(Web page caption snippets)
[Start of Attachment]
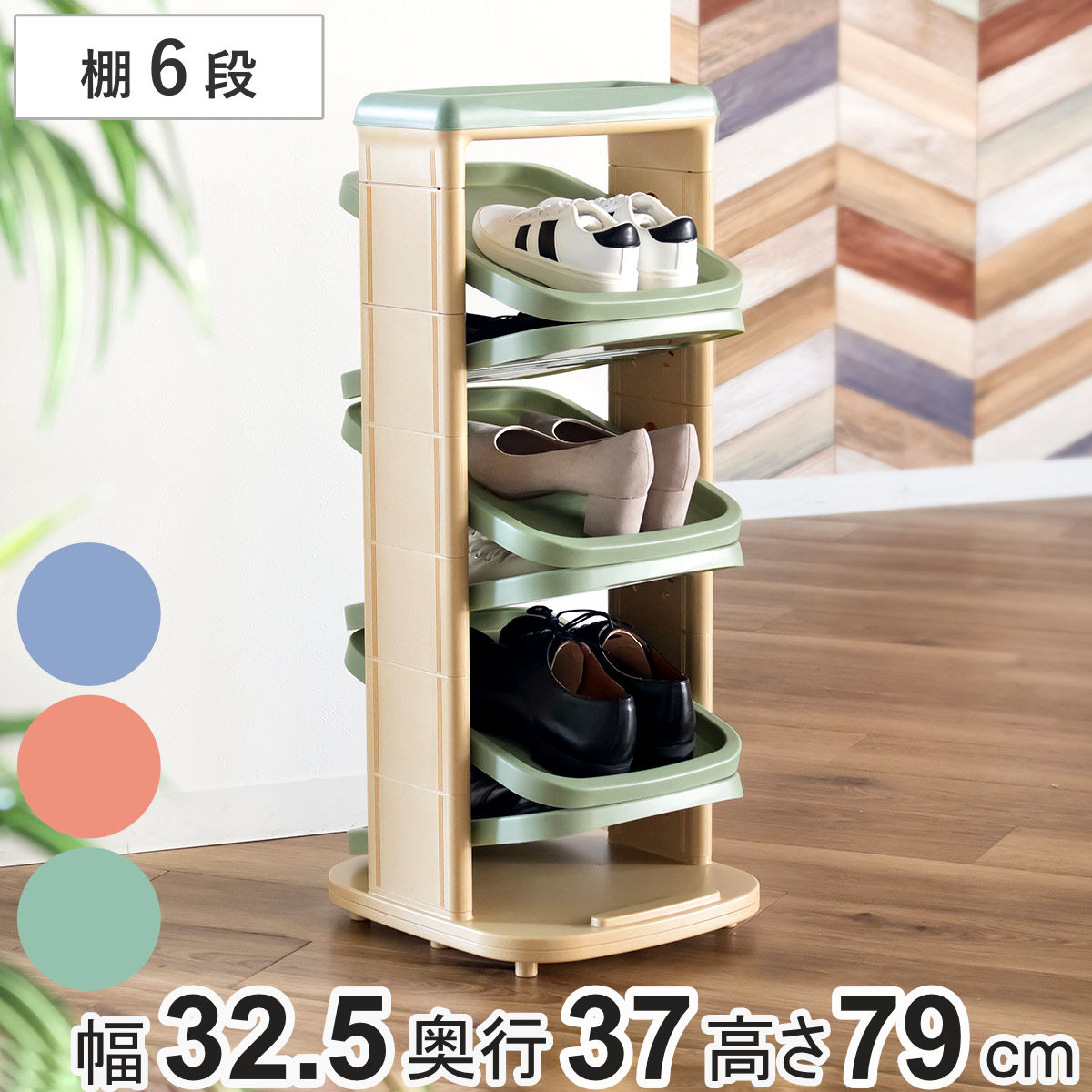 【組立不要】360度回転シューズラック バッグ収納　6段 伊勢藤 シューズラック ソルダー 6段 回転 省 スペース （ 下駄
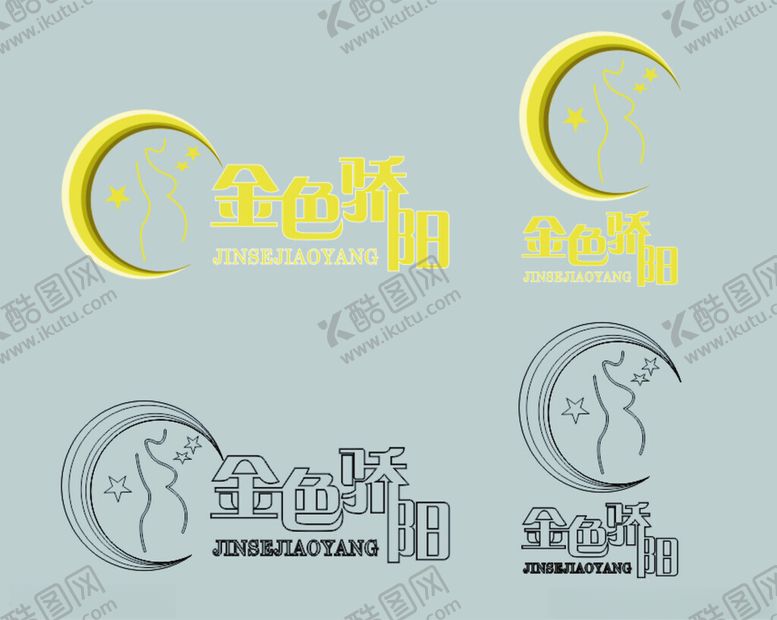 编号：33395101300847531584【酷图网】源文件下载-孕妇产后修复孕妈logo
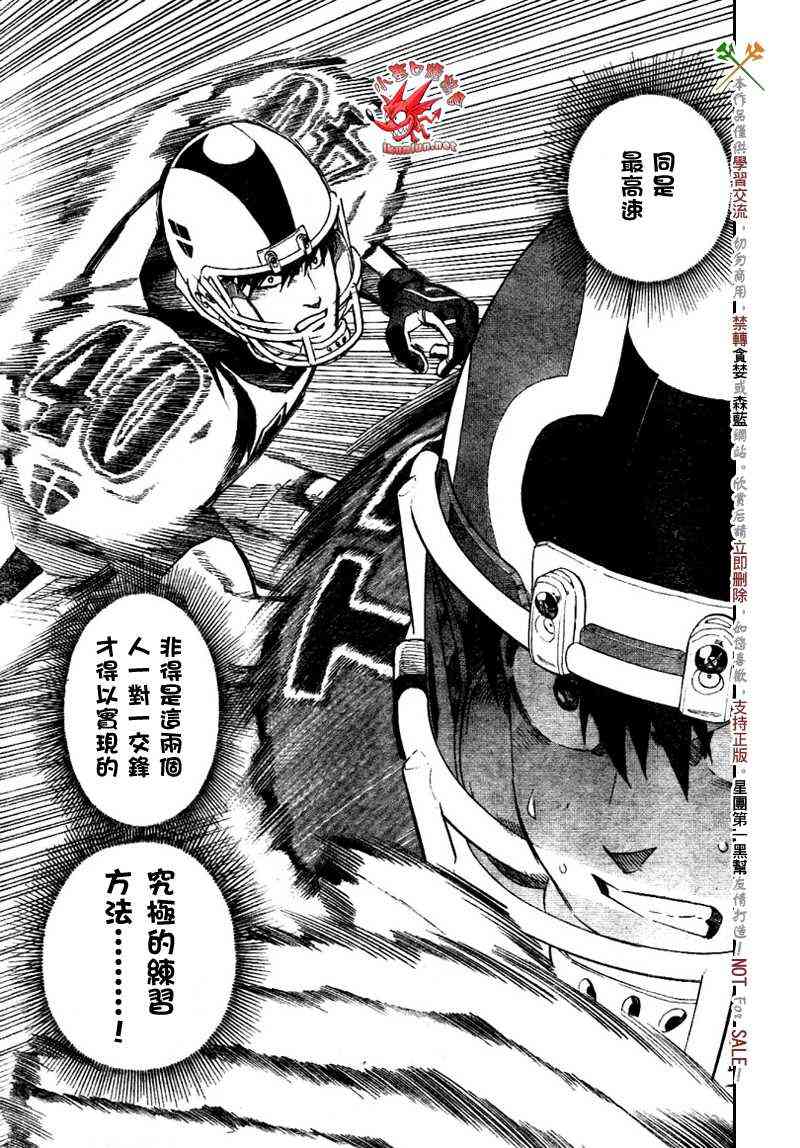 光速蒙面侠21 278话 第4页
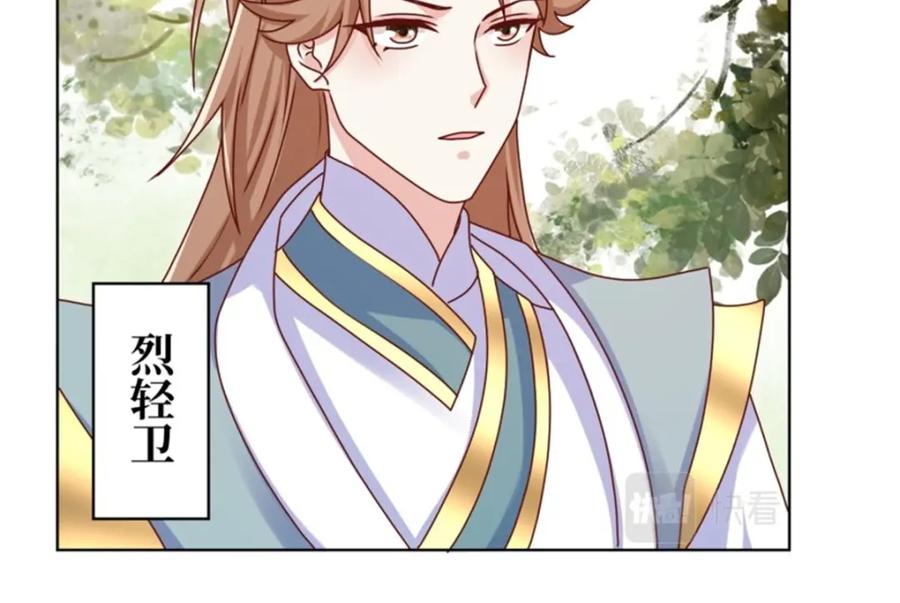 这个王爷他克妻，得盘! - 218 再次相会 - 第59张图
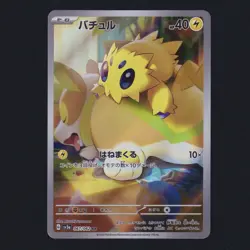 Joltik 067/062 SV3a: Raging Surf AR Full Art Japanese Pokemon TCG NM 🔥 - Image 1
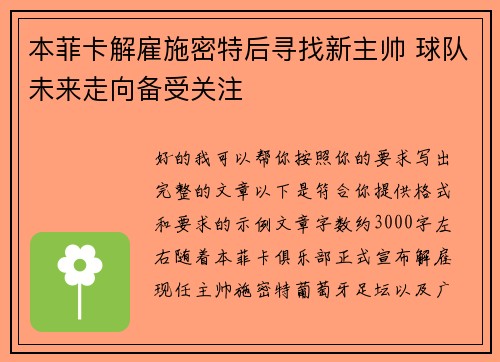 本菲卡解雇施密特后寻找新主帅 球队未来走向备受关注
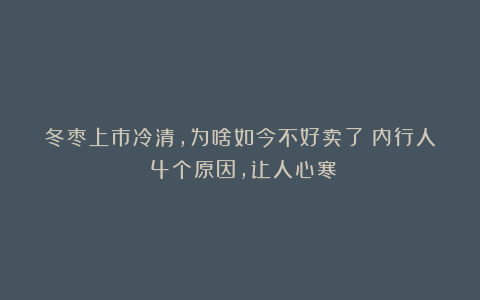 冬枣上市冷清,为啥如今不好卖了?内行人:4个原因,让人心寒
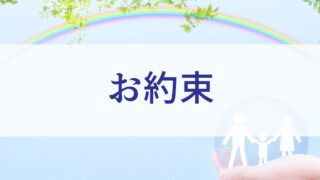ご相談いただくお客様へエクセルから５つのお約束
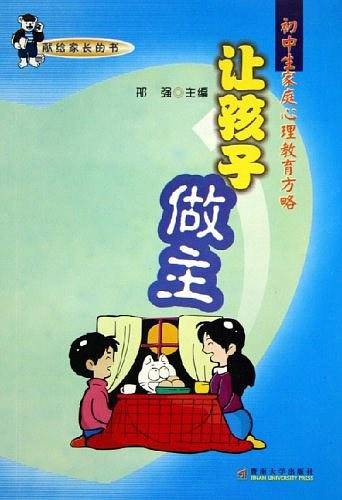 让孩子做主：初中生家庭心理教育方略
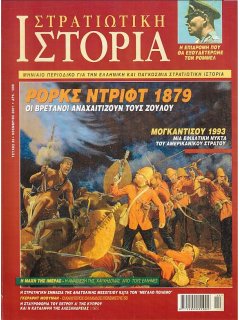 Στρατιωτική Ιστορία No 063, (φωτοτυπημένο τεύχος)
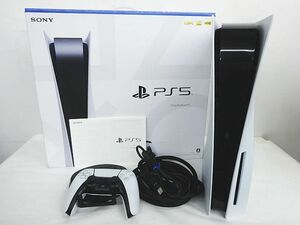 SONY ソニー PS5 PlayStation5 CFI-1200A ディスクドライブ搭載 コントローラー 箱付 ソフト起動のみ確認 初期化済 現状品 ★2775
[End of Attachment]
In your copy of the records above, include no pictures and match every line exactly.

| Your solution |
 【組立不要】360度回転シューズラック バッグ収納　6段 伊勢藤 シューズラック ソルダー 6段 回転 省 スペース （ 下駄
 编号：33395101300847531584【酷图网】源文件下载-孕妇产后修复孕妈logo
 光速蒙面侠21 278话 第4页
 这个王爷他克妻，得盘! - 218 再次相会 - 第59张图
 Joltik 067/062 SV3a: Raging Surf AR Full Art Japanese Pokemon TCG NM 🔥 - Image 1
 本菲卡解雇施密特后寻找新主帅 球队未来走向备受关注
 冬枣上市冷清,为啥如今不好卖了?内行人:4个原因,让人心寒
ご相談いただくお客様へエクセルから５つのお約束
 让孩子做主：初中生家庭心理教育方略
 Στρατιωτική Ιστορία No 063, (φωτοτυπημένο τεύχος)
 SONY ソニー PS5 PlayStation5 CFI-1200A ディスクドライブ搭載 コントローラー 箱付 ソフト起動のみ確認 初期化済 現状品 ★2775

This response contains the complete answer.